My head is empty except for a sort of wind that is fluttering about leaves that used to be thoughts. I notice how young and alive he looks, gazing at me. How much I want to touch his skin. Then I remind myself not to use him as an anchor. He isn’t an anchor. He’s an abomination.
Think of Jasper
, I tell myself. And then I am filled with the memory of the scent of his head. Cradlecap and blankets. How little his hands and body are. How I am secretly happy that he is small because it means I can hold him all the longer. Hold him. I would hold him as I slept. Then I see Draven’s face, gaunt and pale with hunger, and though he isn’t saying anything, he’s warning me to back away. To leave this place behind.
It’s dark. The fire has dimmed. No, I correct myself. Tristan made it dim when he healed himself.
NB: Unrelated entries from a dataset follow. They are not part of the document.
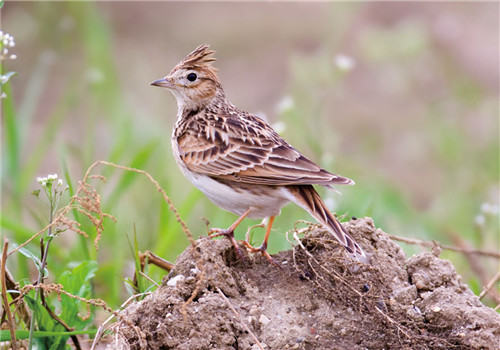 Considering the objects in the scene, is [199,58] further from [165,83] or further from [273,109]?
[273,109]

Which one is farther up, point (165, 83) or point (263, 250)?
point (165, 83)

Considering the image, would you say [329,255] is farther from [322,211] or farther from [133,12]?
[133,12]

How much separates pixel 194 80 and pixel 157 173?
8.82ft

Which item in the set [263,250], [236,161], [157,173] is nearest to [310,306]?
[263,250]

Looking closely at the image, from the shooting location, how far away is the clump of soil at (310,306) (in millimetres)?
4062

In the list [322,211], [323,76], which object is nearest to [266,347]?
[322,211]

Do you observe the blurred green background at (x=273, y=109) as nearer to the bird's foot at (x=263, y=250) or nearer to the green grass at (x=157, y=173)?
the green grass at (x=157, y=173)

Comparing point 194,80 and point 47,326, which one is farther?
point 194,80

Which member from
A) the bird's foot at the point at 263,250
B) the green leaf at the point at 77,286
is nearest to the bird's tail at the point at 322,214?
the bird's foot at the point at 263,250

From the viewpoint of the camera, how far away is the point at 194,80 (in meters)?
6.07

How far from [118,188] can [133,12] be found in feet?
32.9

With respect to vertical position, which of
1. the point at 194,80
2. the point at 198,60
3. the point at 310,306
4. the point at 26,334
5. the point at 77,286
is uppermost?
the point at 198,60

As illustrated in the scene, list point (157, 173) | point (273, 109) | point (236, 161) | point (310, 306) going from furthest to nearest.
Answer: point (273, 109), point (157, 173), point (236, 161), point (310, 306)

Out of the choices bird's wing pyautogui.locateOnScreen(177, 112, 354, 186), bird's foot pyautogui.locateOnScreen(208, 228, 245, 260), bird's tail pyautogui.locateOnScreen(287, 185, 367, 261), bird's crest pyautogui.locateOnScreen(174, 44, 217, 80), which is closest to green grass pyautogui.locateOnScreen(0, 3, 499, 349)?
bird's foot pyautogui.locateOnScreen(208, 228, 245, 260) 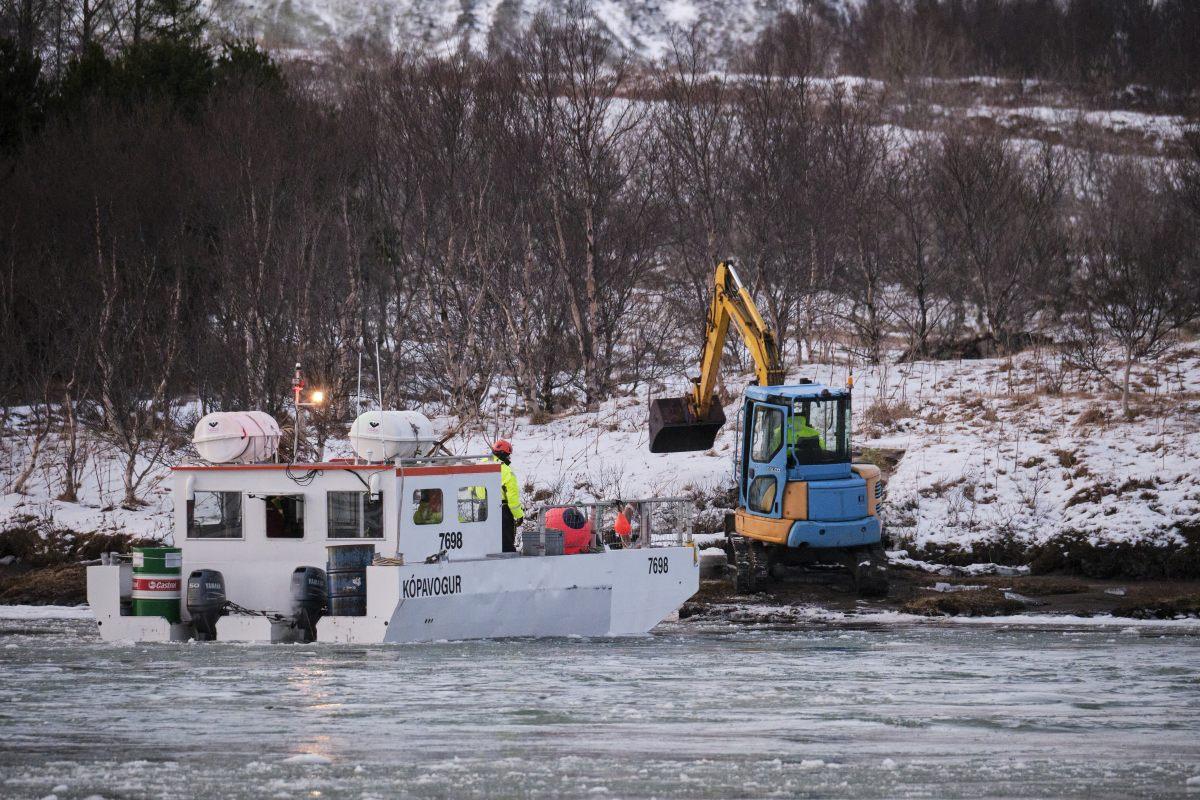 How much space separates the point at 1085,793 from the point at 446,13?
102915 mm

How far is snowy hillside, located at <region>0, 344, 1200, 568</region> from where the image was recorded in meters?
28.3

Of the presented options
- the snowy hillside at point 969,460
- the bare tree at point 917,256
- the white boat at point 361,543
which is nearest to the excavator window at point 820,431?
the snowy hillside at point 969,460

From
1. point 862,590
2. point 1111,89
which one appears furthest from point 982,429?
point 1111,89

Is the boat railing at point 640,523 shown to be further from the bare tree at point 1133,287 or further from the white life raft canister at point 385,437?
the bare tree at point 1133,287

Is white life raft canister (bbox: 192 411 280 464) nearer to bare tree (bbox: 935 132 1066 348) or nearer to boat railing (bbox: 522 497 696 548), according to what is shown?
boat railing (bbox: 522 497 696 548)

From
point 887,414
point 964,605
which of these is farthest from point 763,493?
point 887,414

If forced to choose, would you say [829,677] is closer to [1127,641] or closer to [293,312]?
[1127,641]

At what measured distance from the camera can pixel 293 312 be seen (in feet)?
118

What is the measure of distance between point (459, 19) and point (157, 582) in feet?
300

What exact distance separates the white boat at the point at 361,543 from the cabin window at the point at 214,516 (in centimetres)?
1

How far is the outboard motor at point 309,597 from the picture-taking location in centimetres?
2069

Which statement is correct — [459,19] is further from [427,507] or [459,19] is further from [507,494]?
[427,507]

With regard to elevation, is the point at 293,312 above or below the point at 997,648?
above

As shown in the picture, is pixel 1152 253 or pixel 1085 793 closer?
pixel 1085 793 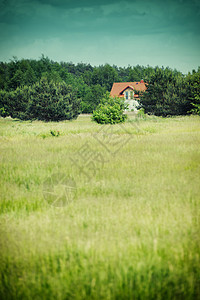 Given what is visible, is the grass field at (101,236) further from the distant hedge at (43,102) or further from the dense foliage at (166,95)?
the distant hedge at (43,102)

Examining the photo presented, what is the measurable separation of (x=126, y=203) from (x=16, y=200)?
237cm

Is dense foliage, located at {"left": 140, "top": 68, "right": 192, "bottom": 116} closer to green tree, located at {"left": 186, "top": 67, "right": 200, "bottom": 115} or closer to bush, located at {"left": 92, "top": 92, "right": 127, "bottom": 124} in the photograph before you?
green tree, located at {"left": 186, "top": 67, "right": 200, "bottom": 115}

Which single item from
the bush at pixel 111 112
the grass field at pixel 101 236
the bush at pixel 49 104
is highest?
the bush at pixel 49 104

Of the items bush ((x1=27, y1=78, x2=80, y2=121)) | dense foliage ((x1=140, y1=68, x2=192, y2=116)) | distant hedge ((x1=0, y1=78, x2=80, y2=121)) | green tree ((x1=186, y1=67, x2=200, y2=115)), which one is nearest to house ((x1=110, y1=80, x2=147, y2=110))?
dense foliage ((x1=140, y1=68, x2=192, y2=116))

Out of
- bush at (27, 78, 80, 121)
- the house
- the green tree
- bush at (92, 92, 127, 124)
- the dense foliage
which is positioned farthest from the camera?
the house

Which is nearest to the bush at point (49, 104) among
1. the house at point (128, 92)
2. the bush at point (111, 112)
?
the bush at point (111, 112)

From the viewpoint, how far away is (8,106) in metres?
42.6

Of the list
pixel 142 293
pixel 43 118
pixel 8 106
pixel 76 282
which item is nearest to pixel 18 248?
pixel 76 282

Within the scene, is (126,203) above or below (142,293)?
above

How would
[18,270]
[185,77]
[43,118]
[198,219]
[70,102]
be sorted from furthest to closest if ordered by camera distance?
[70,102] → [43,118] → [185,77] → [198,219] → [18,270]

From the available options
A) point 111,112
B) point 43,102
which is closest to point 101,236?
point 111,112

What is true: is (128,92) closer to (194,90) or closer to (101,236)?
(194,90)

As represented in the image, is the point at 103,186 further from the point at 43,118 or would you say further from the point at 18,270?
the point at 43,118

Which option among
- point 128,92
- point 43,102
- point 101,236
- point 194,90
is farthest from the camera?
point 128,92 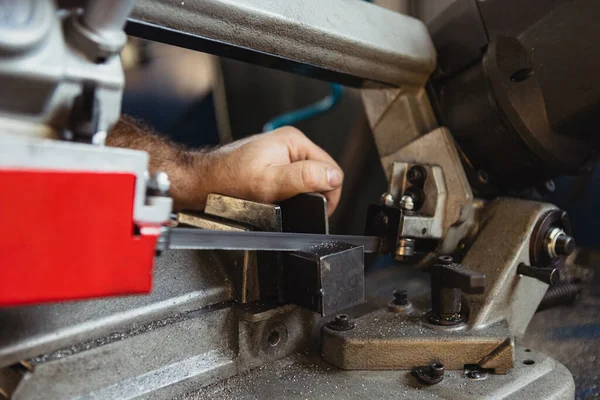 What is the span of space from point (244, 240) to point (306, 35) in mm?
353

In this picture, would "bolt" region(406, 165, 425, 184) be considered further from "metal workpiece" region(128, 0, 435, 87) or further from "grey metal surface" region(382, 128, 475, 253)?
"metal workpiece" region(128, 0, 435, 87)

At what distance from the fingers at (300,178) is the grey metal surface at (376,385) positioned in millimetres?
261

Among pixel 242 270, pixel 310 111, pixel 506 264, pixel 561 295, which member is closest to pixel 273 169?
pixel 242 270

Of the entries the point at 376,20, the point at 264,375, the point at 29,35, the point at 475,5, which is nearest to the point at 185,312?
the point at 264,375

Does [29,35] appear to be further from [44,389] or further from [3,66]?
[44,389]

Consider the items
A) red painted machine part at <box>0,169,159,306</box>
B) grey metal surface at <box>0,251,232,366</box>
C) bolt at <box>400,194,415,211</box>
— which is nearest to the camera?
red painted machine part at <box>0,169,159,306</box>

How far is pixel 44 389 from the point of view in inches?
23.6

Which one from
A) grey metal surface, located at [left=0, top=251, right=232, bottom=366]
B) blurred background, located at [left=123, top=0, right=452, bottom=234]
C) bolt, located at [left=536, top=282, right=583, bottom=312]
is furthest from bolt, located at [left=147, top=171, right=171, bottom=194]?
blurred background, located at [left=123, top=0, right=452, bottom=234]

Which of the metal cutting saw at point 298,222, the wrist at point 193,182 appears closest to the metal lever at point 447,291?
the metal cutting saw at point 298,222

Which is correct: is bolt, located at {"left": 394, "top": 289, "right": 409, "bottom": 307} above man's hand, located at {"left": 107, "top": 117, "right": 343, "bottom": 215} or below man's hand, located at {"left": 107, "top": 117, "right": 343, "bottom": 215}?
below

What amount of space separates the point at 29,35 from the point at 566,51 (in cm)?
75

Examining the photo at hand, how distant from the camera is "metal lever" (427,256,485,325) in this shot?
82 cm

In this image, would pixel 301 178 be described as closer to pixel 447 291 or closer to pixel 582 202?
pixel 447 291

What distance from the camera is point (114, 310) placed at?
667 millimetres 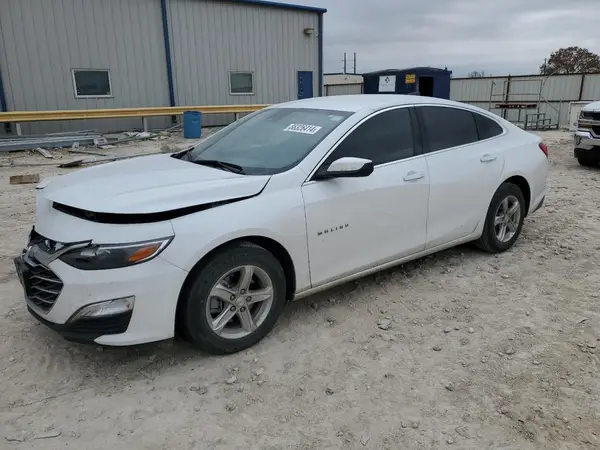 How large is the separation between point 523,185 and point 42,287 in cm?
434

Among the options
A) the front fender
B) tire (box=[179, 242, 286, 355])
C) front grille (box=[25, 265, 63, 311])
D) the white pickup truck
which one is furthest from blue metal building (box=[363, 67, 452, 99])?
front grille (box=[25, 265, 63, 311])

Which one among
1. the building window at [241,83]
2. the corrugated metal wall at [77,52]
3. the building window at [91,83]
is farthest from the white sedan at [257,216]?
the building window at [241,83]

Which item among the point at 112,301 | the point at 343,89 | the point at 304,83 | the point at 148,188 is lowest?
the point at 112,301

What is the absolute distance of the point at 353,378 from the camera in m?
2.92

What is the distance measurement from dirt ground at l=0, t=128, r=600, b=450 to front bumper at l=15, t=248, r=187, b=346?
209 mm

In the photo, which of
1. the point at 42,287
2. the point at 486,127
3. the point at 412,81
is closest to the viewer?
the point at 42,287

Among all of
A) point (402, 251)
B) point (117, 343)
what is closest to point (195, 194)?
point (117, 343)

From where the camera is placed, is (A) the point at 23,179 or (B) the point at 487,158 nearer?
(B) the point at 487,158

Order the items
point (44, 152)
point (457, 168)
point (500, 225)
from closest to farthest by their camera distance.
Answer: point (457, 168)
point (500, 225)
point (44, 152)

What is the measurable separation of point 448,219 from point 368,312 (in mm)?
1163

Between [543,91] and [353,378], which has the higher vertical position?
[543,91]

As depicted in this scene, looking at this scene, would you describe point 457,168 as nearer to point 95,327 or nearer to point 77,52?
point 95,327

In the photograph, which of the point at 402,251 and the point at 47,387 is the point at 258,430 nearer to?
the point at 47,387

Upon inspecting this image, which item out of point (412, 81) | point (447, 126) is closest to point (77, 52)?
point (412, 81) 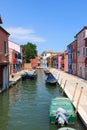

When he hid his scars. He drew energy from the flames. That’s why he was drawn to the fire. Not really for the warmth, but for the strength.
I look past him to the ashes and he follows my gaze. He looks back at me, as if for confirmation, before he grabs more wood and stokes the fire again. He is so
simple, he probably thinks I am worried about the fire instead of my sanity.
The flames hiss and snap once more and it’s a long time before either of us speaks again. Tristan seems content with the silence and I realize he’s more than used to it. He wanders about the room. He makes the bed, cleans the dried blood from his face,
uses his fingers to dust off the shelves of the book case. And all the while, I stare at the flames, mesmerized by their shifting shades. I realize that this isn’t so bad.
What did I think I knew, anyway? I don’t even know what fire is. No one does. All we know is that it’s heat. But for some reason, I decided that was all I needed to know. Why had I set up that limitation like a barrier?
Life is full of barriers. We just ignore them because it’s easier that way. Why are there so many different eye colors? Why do some of us like sour and some sweet? Why do I hear the dead? I turn my gaze to Tristan. I’m sure I look ridiculous with the expression on my face but he doesn’t laugh at me. He looks down at me as he dusts off a book with his sleeve, his countenance simple but curious.
He can’t think enough to understand my confusion. When you’re half dead, you must experience the world differently. When Tristan is near the fire, I know he feels the heat but he also feels the strength, which I can’t. I know I walk on the ground and that that’s the way it is for everyone alive, but Tristan crawled on a wall. Maybe when we die, the barriers of understanding that we set up in life disappear.